┌────────
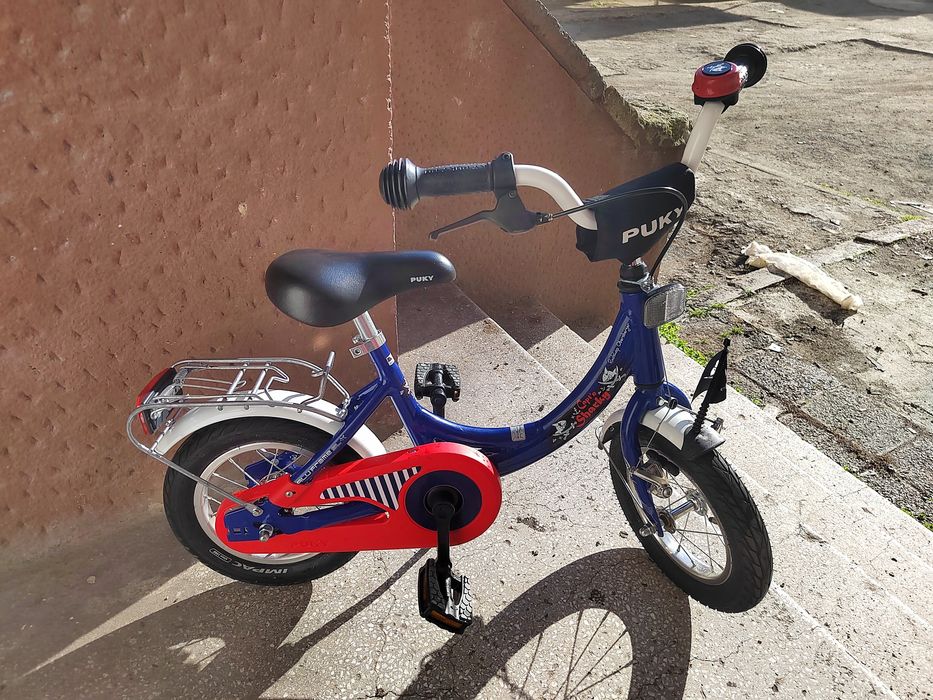 Детско колело PUKY-ПЕРФЕКТНО!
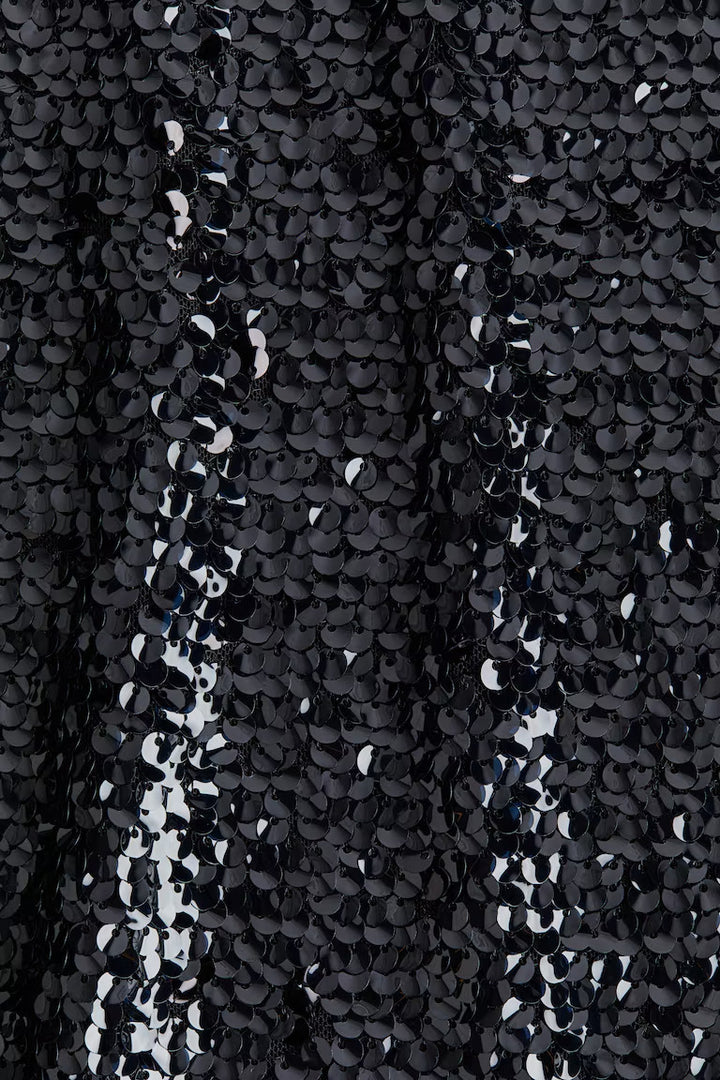 H&M SEQUINED MINI SKIRT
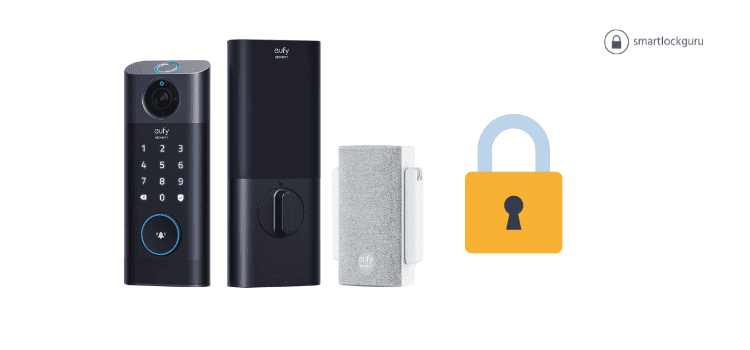 How to Lock Eufy Smart Lock from Outside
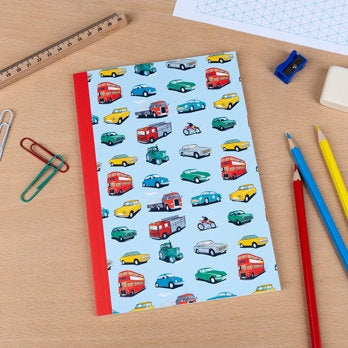 A5 notebook - Road Trip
└────────
● **Work to complete**: Retype, word for word, only the lines from the line with "H&M SEQUINED MINI SKIRT" to the final line of the listing above; the pictures do not belong in the copy.

● **Exercise output**:
 H&M SEQUINED MINI SKIRT
 How to Lock Eufy Smart Lock from Outside
 A5 notebook - Road Trip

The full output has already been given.